**BRIEF**
In the copy of the lines below, leave out pictures and print everything else exactly.

**DATA SEGMENT**
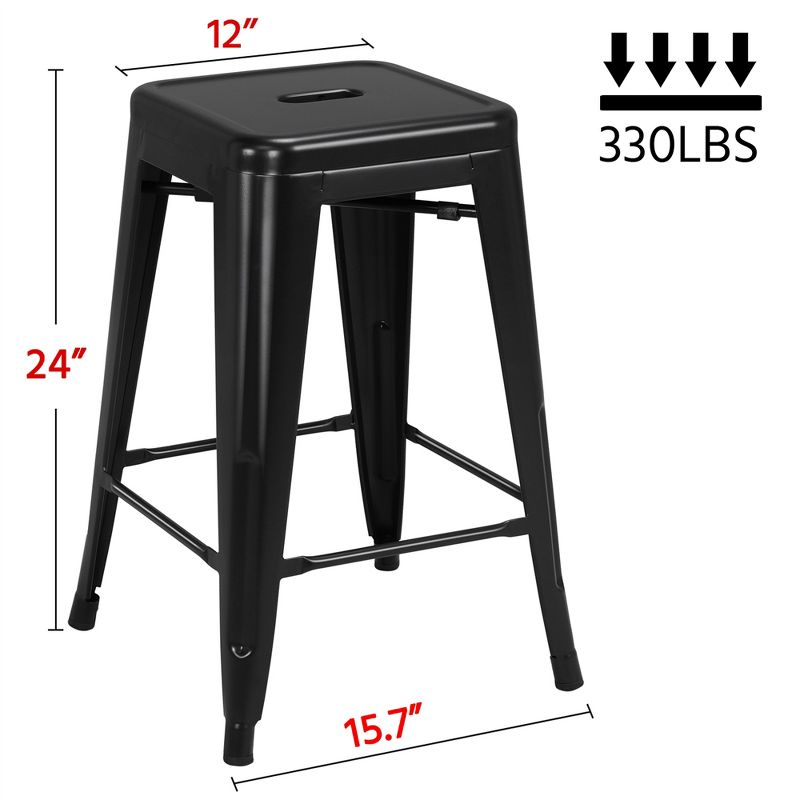 Yaheetech 24" Set of 4 Metal Counter Height Backless Stackable Bar Stools Indoor/Outdoor-Black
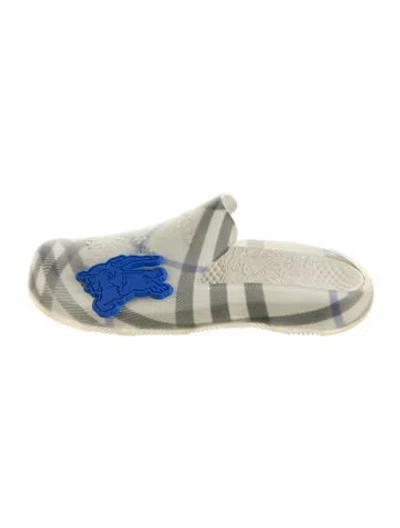 Pre-owned Burberry Rubber Printed Mules W/ Tags In Transparent
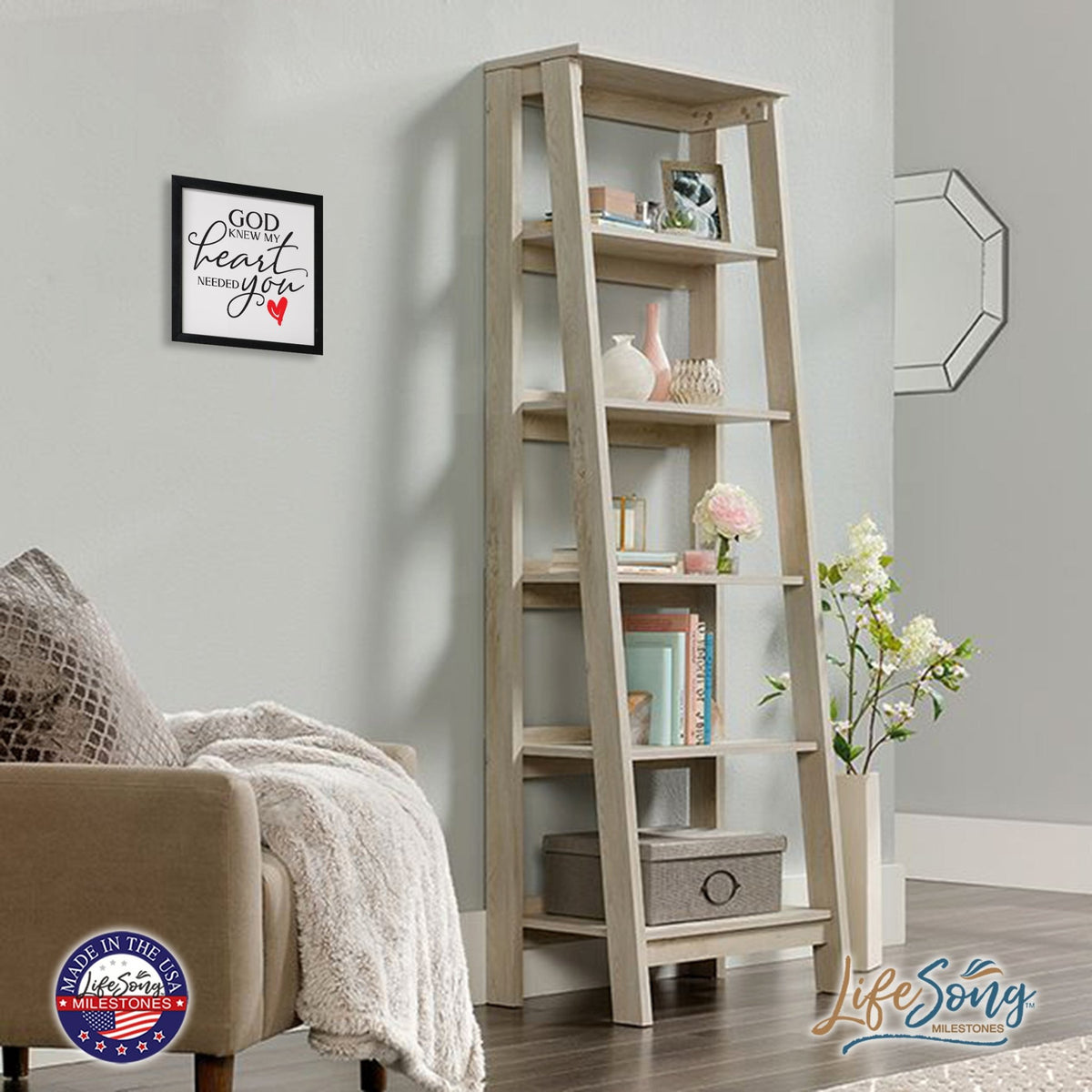 Inspiring Modern Framed Shadow Box 7x7in - God Knew My Heart Needed You (Heart) - LifeSong Milestones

**EXPECTED ANSWER**
 Yaheetech 24" Set of 4 Metal Counter Height Backless Stackable Bar Stools Indoor/Outdoor-Black
 Pre-owned Burberry Rubber Printed Mules W/ Tags In Transparent
 Inspiring Modern Framed Shadow Box 7x7in - God Knew My Heart Needed You (Heart) - LifeSong Milestones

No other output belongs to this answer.